FAQ: Are all government contracts competitively bid?
Not all government contracts are subject to fully open and competitive bidding. In many cases, contracts are set aside for specific types of firms in order to advance the government’s goals of protecting and assisting historically disadvantaged groups. In these cases, there may still be competition among the smaller universe of eligible firms.
Pursuant to federal regulations and policies and individual agency goals, the government can designate certain solicitations as fully competitive and open to any bidders, or as set-asides for only certain types of firms representing disadvantaged groups. In some cases, there can even be a mix of the two, known as a “partial set-aside,” in which only a portion of the awards under a solicitation or program will be set aside and the rest will be fully open for competitive bidding.

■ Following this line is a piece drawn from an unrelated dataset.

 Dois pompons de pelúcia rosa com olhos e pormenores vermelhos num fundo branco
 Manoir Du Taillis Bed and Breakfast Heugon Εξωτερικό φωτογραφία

When special needs arise, the government can also bypass competitive bidding altogether and issue “sole source” awards, as long as it satisfies certain requirements to justify this exception to the normal procurement process. Sole source awards come up when there is only one firm that meets the needs of the agency, perhaps because of special concerns related to specific technologies or in the context of national defense. Sole source awards can also be given to certain disadvantaged businesses through set-aside programs such as the 8(a) Business Development program.
Agencies can also issue what are known as “bridge” contracts. When an existing contract is terminated or there is not enough time to go through the formal solicitation process before goods or services are needed, an agency can issue a short-term bridge contract to ensure continuing performance until a longer term award is granted after competitive bidding and a thorough review of proposals.